_EXERCISE DIRECTIONS_
Repeat the data that follows, word for word, without the images.
─── RECORDED INFORMATION
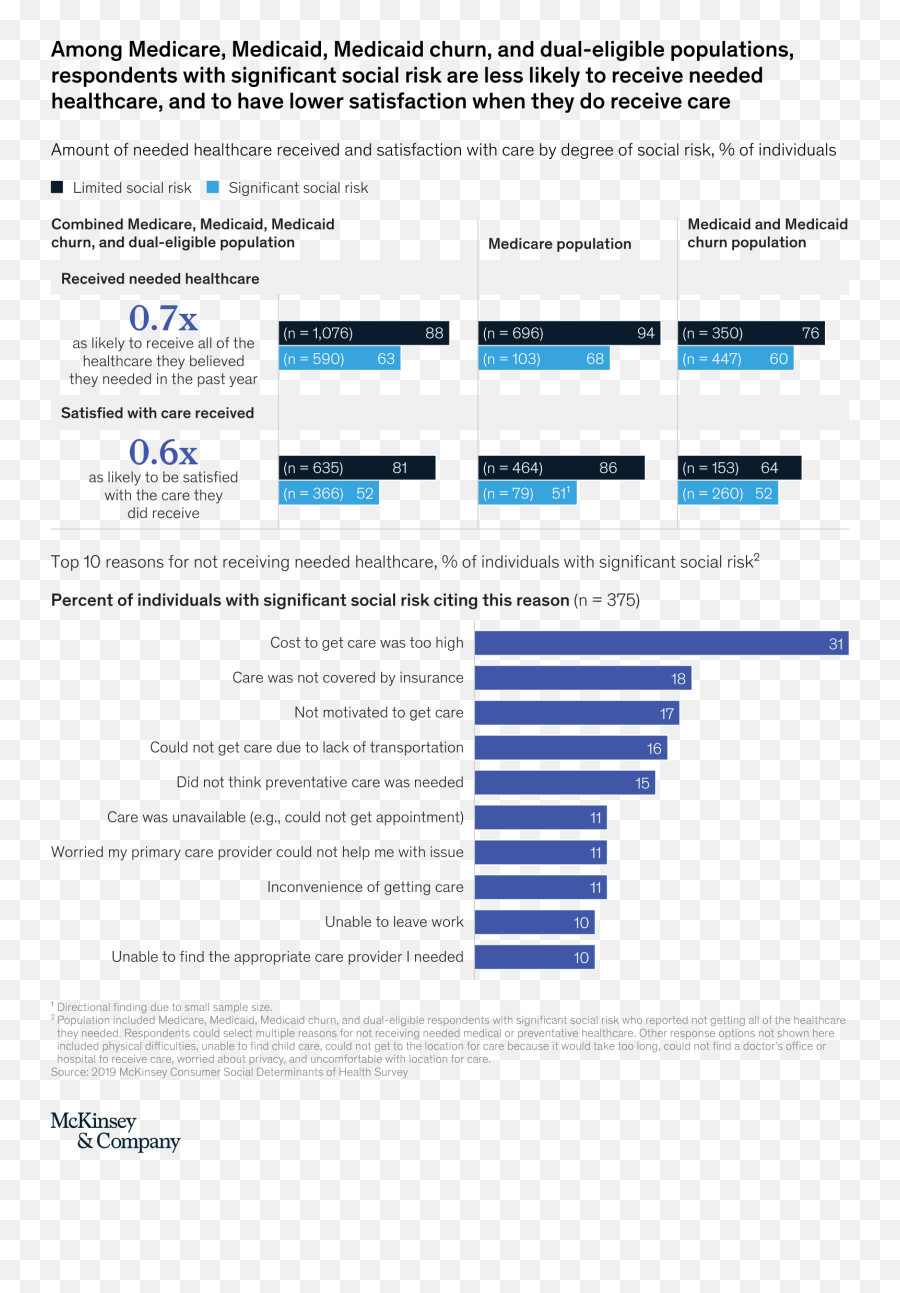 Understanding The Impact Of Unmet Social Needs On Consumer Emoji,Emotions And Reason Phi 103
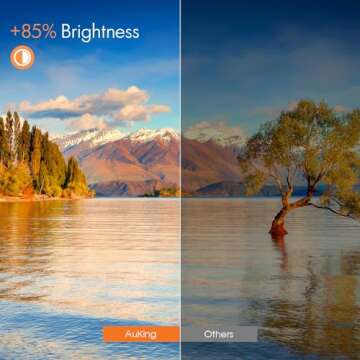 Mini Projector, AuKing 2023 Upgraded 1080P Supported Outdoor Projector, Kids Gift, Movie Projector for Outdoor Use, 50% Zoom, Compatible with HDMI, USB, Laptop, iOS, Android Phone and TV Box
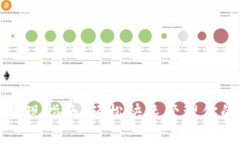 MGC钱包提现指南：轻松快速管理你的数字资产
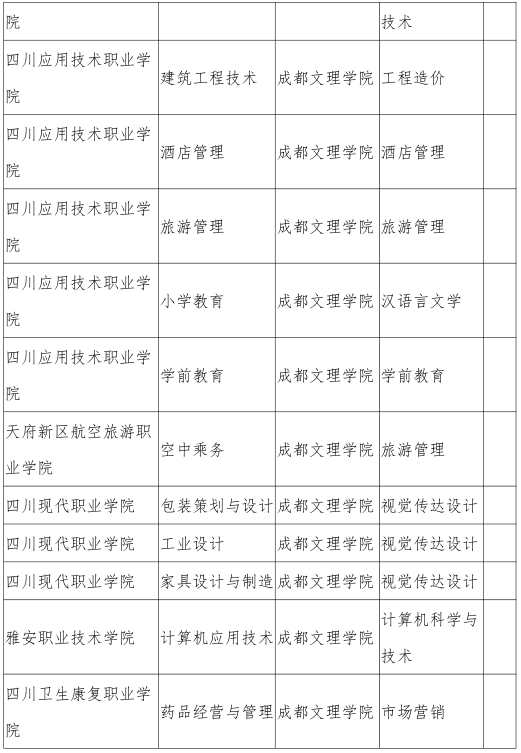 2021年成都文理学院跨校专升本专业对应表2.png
──────
_WRITTEN RESPONSE_
 Understanding The Impact Of Unmet Social Needs On Consumer Emoji,Emotions And Reason Phi 103
 Mini Projector, AuKing 2023 Upgraded 1080P Supported Outdoor Projector, Kids Gift, Movie Projector for Outdoor Use, 50% Zoom, Compatible with HDMI, USB, Laptop, iOS, Android Phone and TV Box
 MGC钱包提现指南：轻松快速管理你的数字资产
 2021年成都文理学院跨校专升本专业对应表2.png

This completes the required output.